• [Exercise prompt]
Look below for the line with "10 bar Druckminderer" and the line with "ALSANIDI, Porcelain teapot"; repeat exactly those two lines and all lines between them, but no pictures.

Captioned web images:
++++++
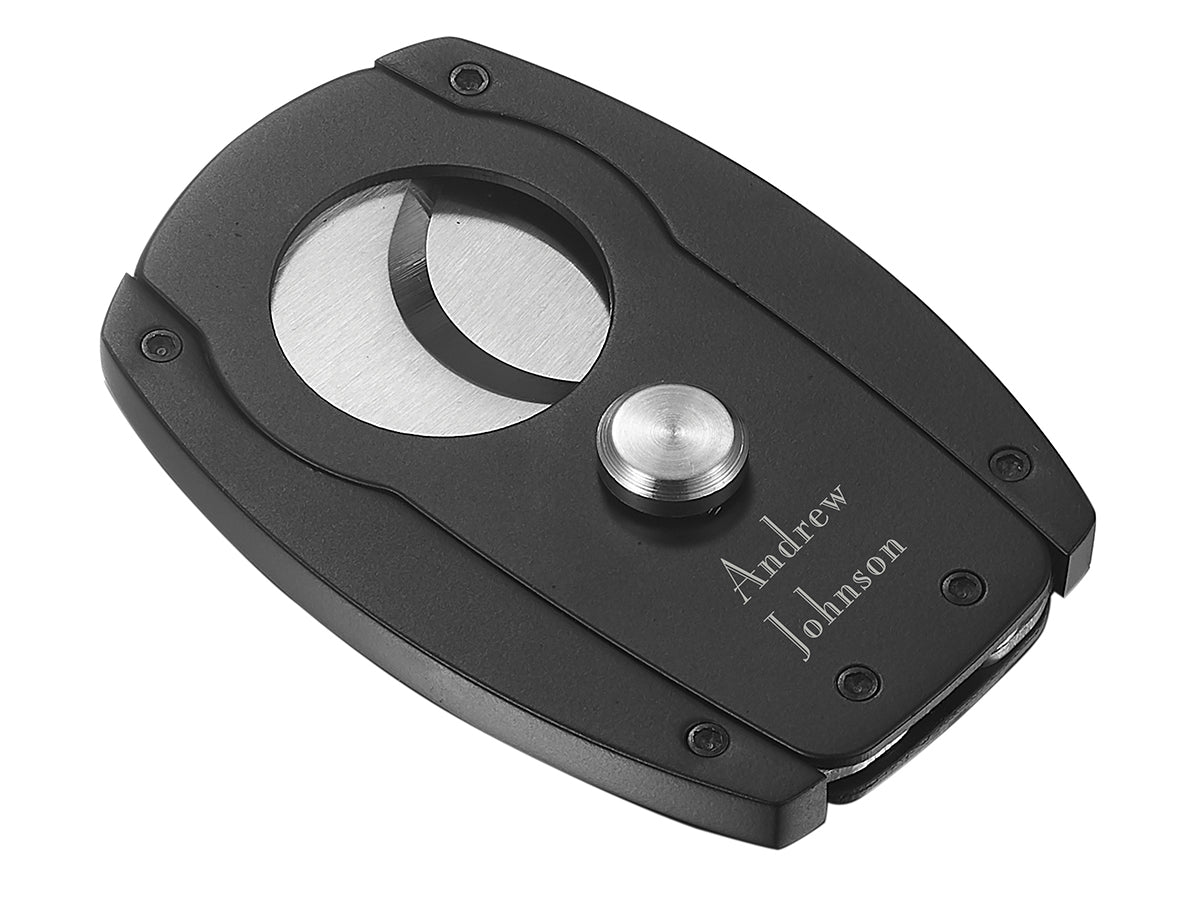 Premium Visol Corbett Double Guillotine Cigar Cutter - Black Matte Finish | Sharp Stainless Steel Blades | Perfect for Cigar Enthusiasts & Gifts | Ideal for Home, Office & Outdoor Use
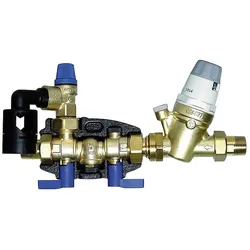Evenes Speichersicherheitsgruppe DN20(3/4") Sicherheitsventil 10 bar Druckminderer
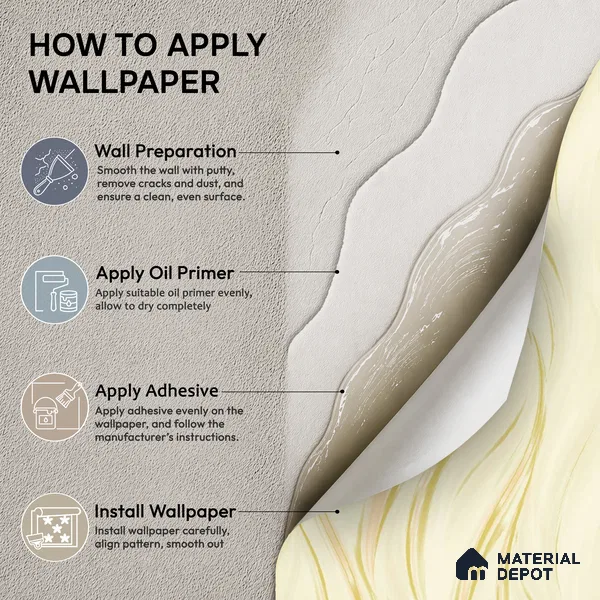 TC 785 | Cream Gold Silk Ripple Abstract Look Wallpaper 5 Meter x 42 Inch - 57 Sq. Ft.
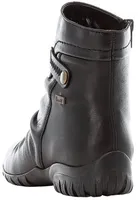 Minos Black Leather Ankle Boot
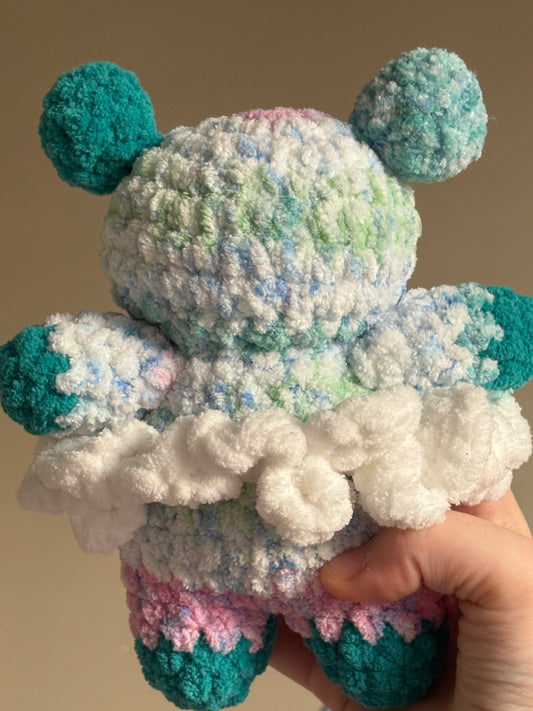 Baby cow in a tutu - pink/green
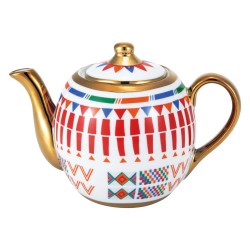 ALSANIDI, Porcelain teapot set, White, Set 9 pcs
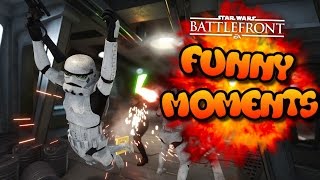 Star Wars Battlefront FUNTAGE (Funny Moments Montage) #24 - Tonight We Honor The Hero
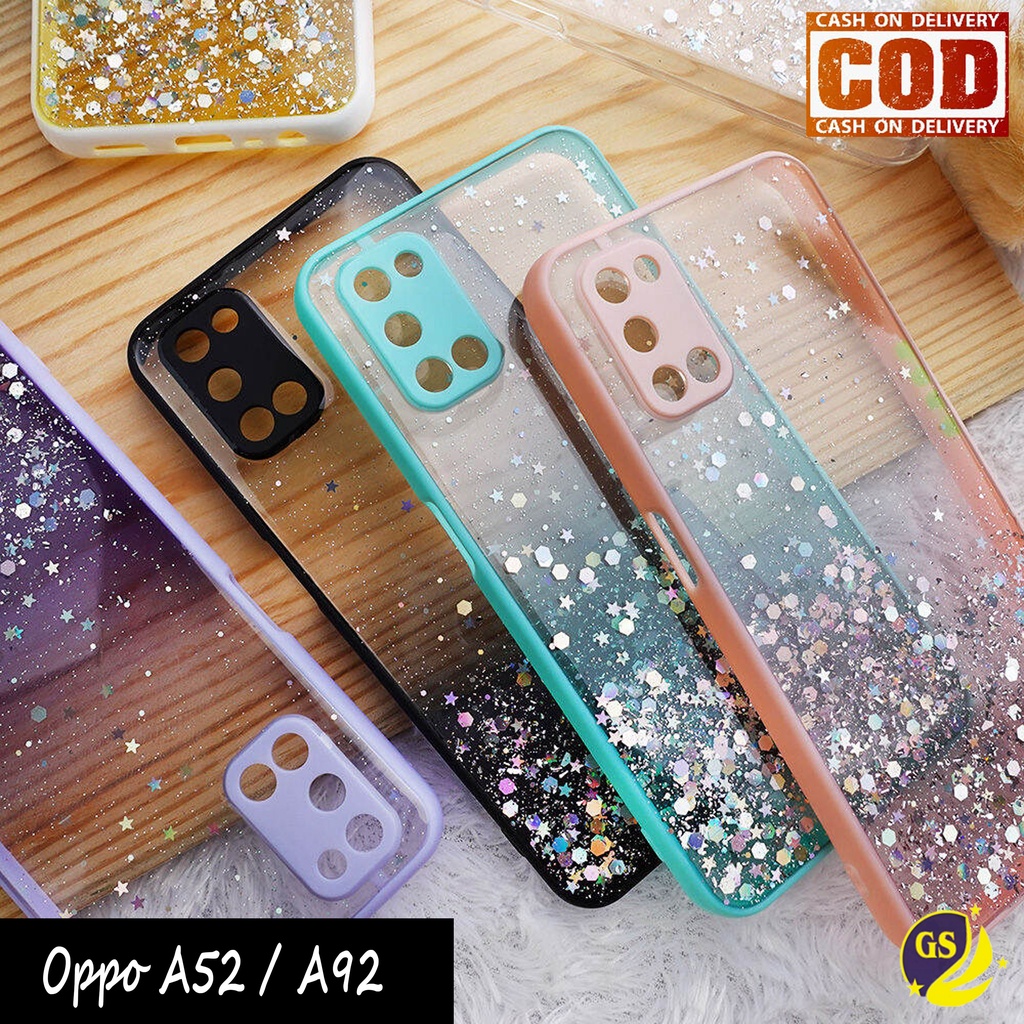 Oppo A16 A95 4G A54 A74 4G A15S A15 A53 A33 2020 A52 A92 A9 2020 A5 2020 A5S A7 A11K A12 A3S Neo 9 A37 Case Dove Glitter Bling Star Light Candy Camera Macaron Gliter Pelindung Kamera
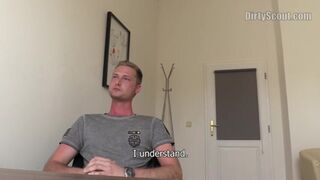 DIRTY SCOUT 130 - Blond Stud’s First Time Is Raw With A Facial In The End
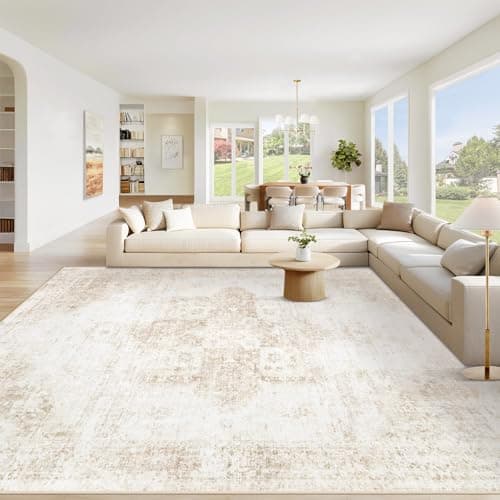 A textured area rug anchoring a living room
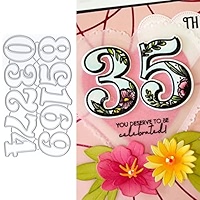 Necus DzIxY Matrices De Découpe En Métal Avec Chiffres Arabes Pour La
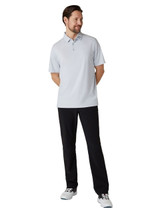 Callaway Ventilated Classic Jacquard Golf Polo - Grey Dawn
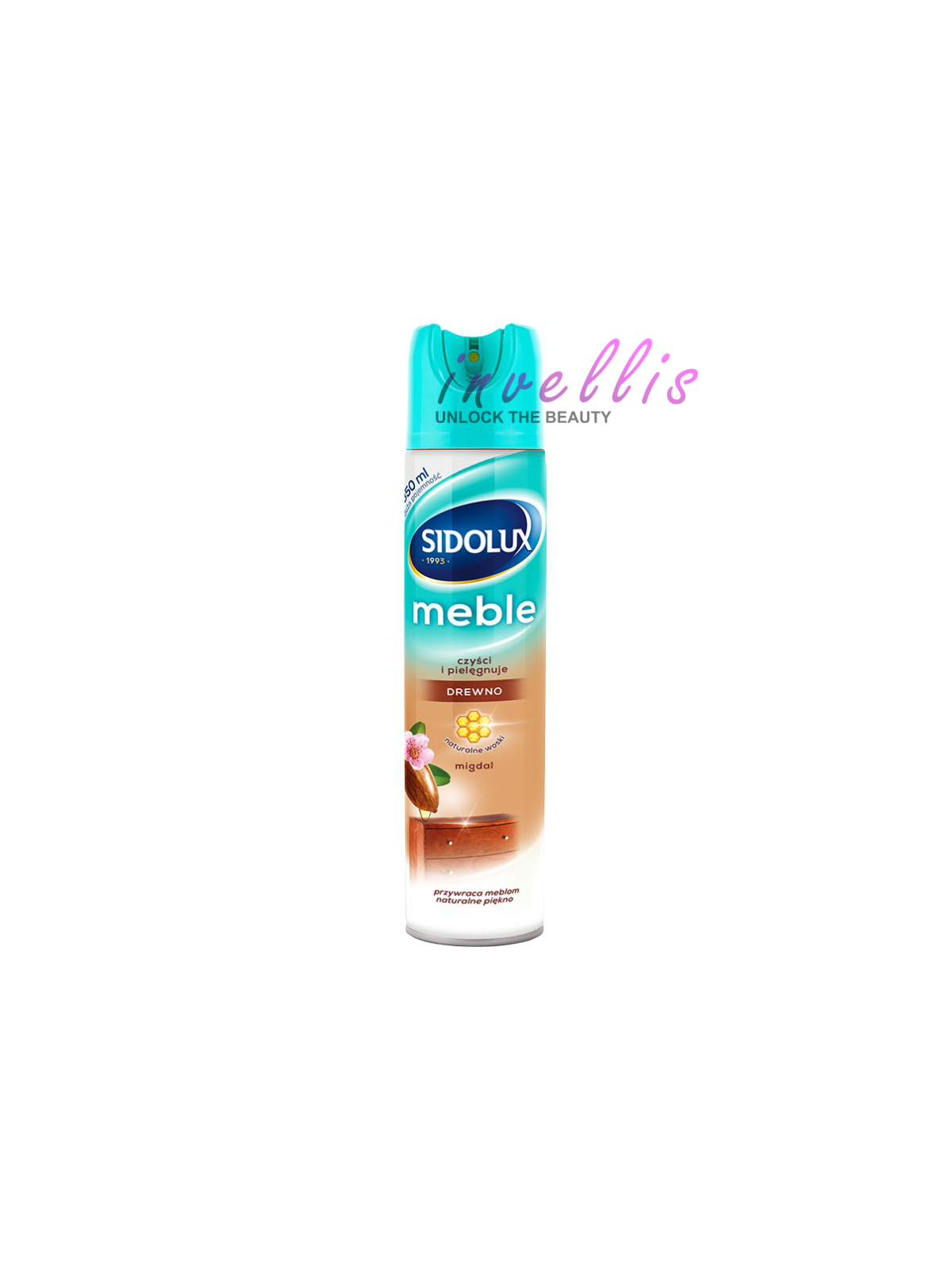 SIDOLUX M SPRAY DO PIELEGNACJI MEBLI MIGDALOWY 350ML invellis kosmetyki tanie uk naturalne zdrowie uroda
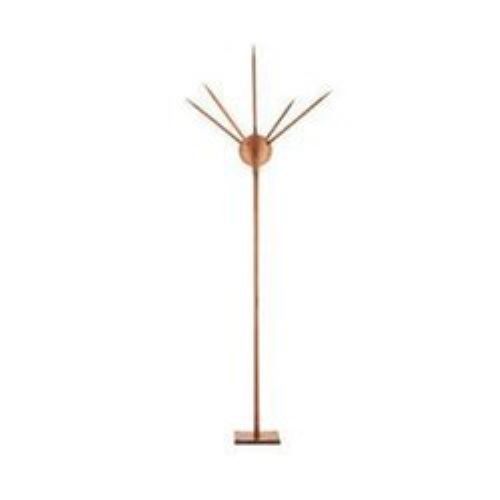 14mm Threaded Diameter Triple Pole Single Phase Copper Lightning Arrester With 300 Mm Rod Length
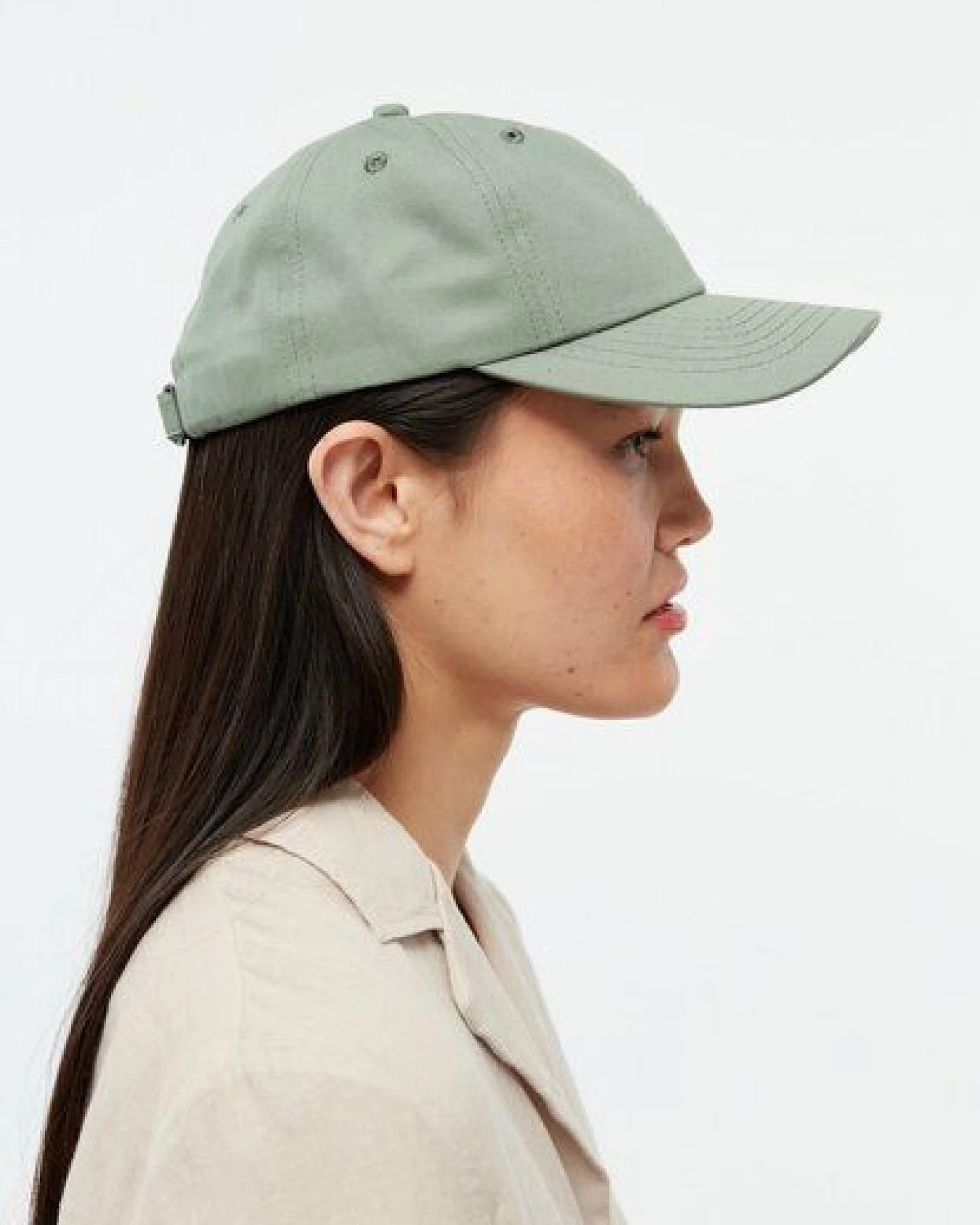 Givn Berlin Dad Cap GBTIM (PALM TREE) aus Bio-Baumwolle mit Stickerei - Eucalyptus Green – Ansicht 2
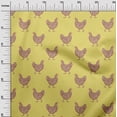 thumbnail image 3 of oneOone Rayon Lime Green Fabric Rooster Cock Sewing Craft Projects Fabric Prints By Yard 56 Inch Wide, 3 of 4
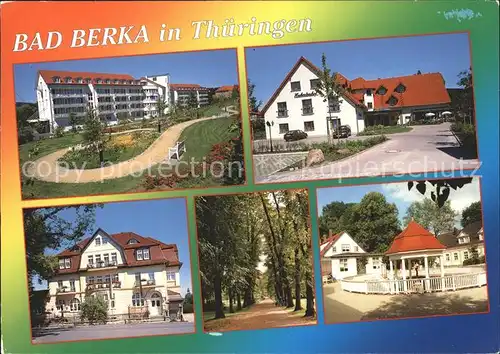 Bad Berka Medianklinik Hotel Hubertushof Kurhotel Wettiner Hof Kurpark Goethebrunnen Kat. Bad Berka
++++++
• [Solution to the problem]
Evenes Speichersicherheitsgruppe DN20(3/4") Sicherheitsventil 10 bar Druckminderer
 TC 785 | Cream Gold Silk Ripple Abstract Look Wallpaper 5 Meter x 42 Inch - 57 Sq. Ft.
 Minos Black Leather Ankle Boot
 Baby cow in a tutu - pink/green
 ALSANIDI, Porcelain teapot set, White, Set 9 pcs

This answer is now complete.